I was 20 at the time. Young enough to think everything I grew up being taught had to be true, while simultaneously reaching the stage of, "THIS SH*T IS CRAZY."
(For those of you confused, the Church of Christ denomination classically believed-many still do-that worshipping with instruments is not biblical. You would think I'd be able to tell you why, reference the verse or something, but I don't. It wasn't ever really explained to me in depth, just ... understood.)
I looked at her and said, "So, you're telling me, that a high school kid was singing songs about girls and love and breakups and that was totally fine, but as soon as he started using his guitar to WORSHIP GOD everyone was like, 'WHOA WHOA WHOA!!'"
We sat there for a while and talked. I tried to be sensitive to her feelings, knowing this 15-year-old only believed what her parents had raised her to believe, but mostly feeling insecure about my place—how can I be honest about how utterly ridiculous I think this is without overstepping my bounds (and losing my internship).
The people pleaser in me didn't want her parents mad at me and the Good Church of Christ girl wondered if I should be feeling righteous indignation about this. Am I allowed to think that what he did was okay? What does that say about my standing in the Church of Christ? Does this mean I don't belong here anymore?
A few years later, I got married and started going to a Baptist church ... for the worship. There was a small part of me that wondered if I would go to Hell for it, but the bigger part of me really enjoyed worshiping God with a band. So shoot me.
I really felt like I was stepping away from legalism and into this world of total liberation. I mean, a Baptist church? Singing with a DRUM SET? We didn't tell my grandparents.
But the deeper I got into the SBC, the more I realized I just left one set of legalism for another, one set of dysfunctional power trips for another, one form of theological warfare for another, no matter the good intentions.
I'm weary of people arguing about whether you can use a guitar to worship God or not.
I'm weary of people arguing about whether you can use an overhead projector to put words on a screen.
I'm weary of people arguing about whether women can speak or pray or, GASP, preach from the pulpit.
I'm weary of scripture being used to suffocate, confine, traumatize, and exclude.
And it was all in the pursuit of being a "biblical church," which seems like such a noble, spiritual, lofty pursuit.
But one that only seems to detract from the whole purpose of the actual church of the Bible: tell the world the Good News of Jesus, the most inclusive, radically loving, religious-culture-flipping, friend of sinners there ever was.
So these last few years when the arguments began to multiply, when all of a sudden I could just see the vitriol sitting right there in my news feed everyday, it was like my church PTSD kicked in and I screamed,
"I CAN'T DO THIS ANYMORE. I CAN'T CARE ABOUT THIS STUFF ANYMORE. WHEN IMMIGRANT FAMILIES ARE BEING RIPPED APART AND CHRISTIAN LGBTQ+ TEENS ARE KILLING THEMSELVES AND IT SEEMS LIKE THE CHURCH CARES MORE ABOUT GETTING THE RIGHT PRESIDENT IN THE WHITE HOUSE THAN IT DOES ABOUT LOVING THEIR NEIGHBOR. GOD, WHERE ARE YOU? I CAN'T FIND YOU. I CAN'T FIND YOU IN YOUR CHURCH."
So here we are.

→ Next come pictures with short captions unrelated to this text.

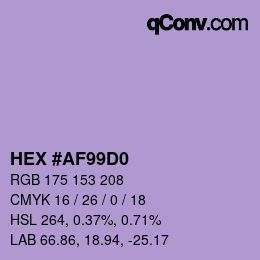 Color code: HEX #AF99D0 | qconv.com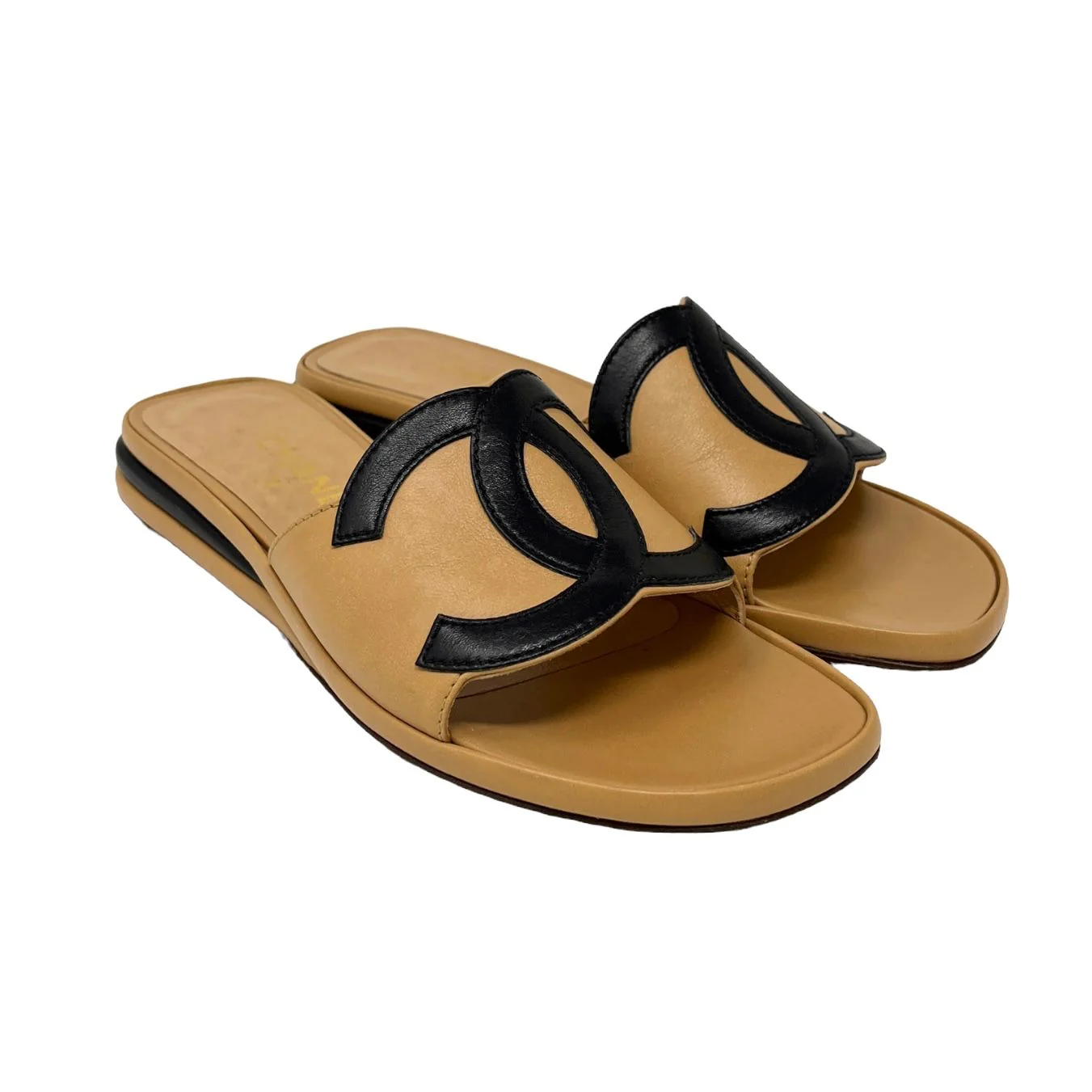 Chanel Tan Logo Sandals - Image 4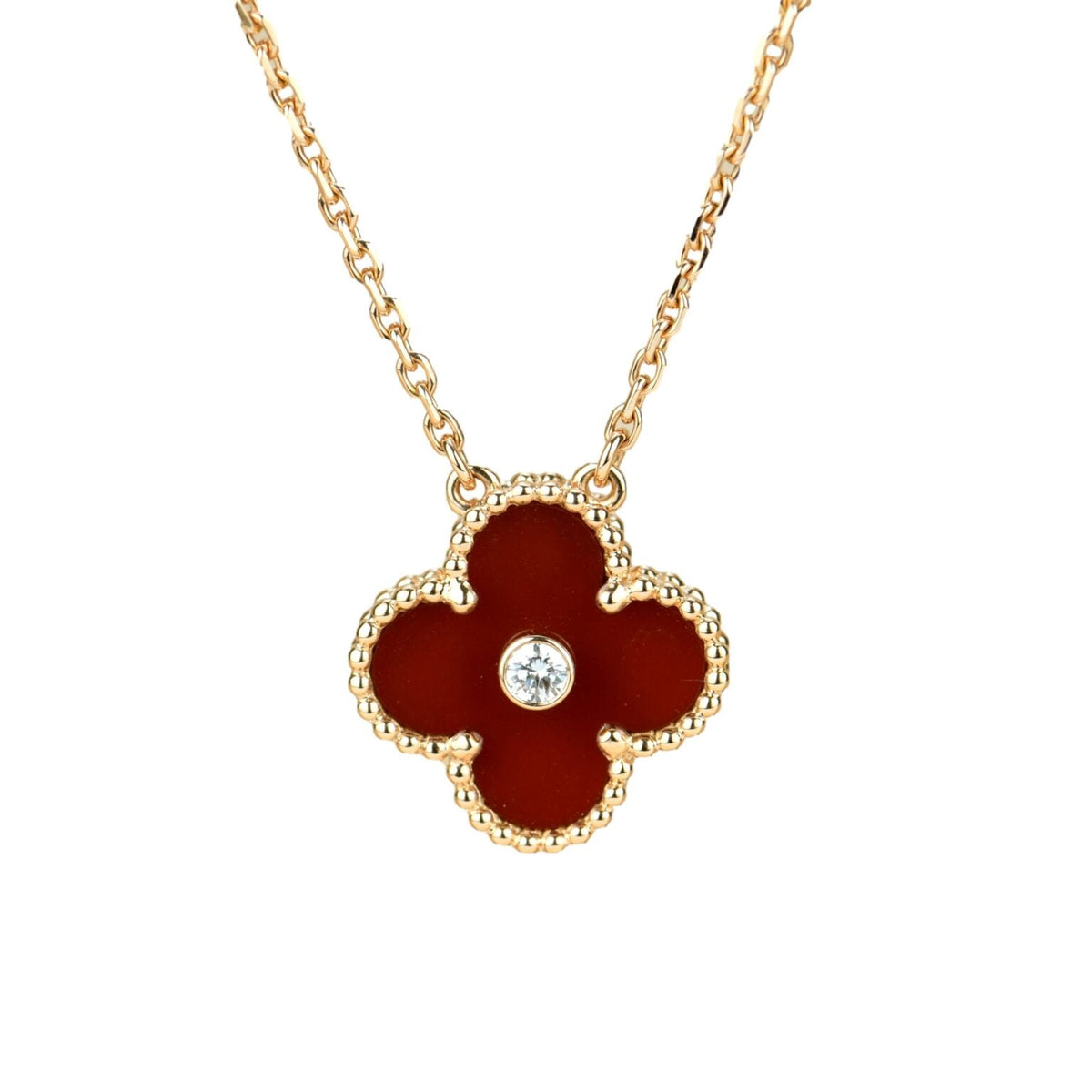 [⭐Haelin Jewelry]CLOVER 15MM DIAMOND CARNELIAN NECKLACE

Wading through the mess. Still messy but healing—healing by knowing others are asking and have always asked the same questions as me. To know God is bigger than an institution. He works outside its walls and reveals himself in other ways besides a daily Quiet Time or an emotional-but-theologically-questionable worship song or a fiery sermon.

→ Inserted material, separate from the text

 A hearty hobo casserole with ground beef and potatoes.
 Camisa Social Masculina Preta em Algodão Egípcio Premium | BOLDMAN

I've found him in sweet moments with my kids, in unexpected friendships, in shedding guilt, in moments of quiet, in long hot showers, in loving my husband for who he is not what he should be, in nature, in conversations over yummy food, in welcoming the hurting into our home, in connecting with others without an agenda and seeing God's goodness in every human being, in not living in fear of the Big Bad World who's out to get me and my kids, and, mostly, in freedom.
I'm still processing. Just here to say this feels like the upswing.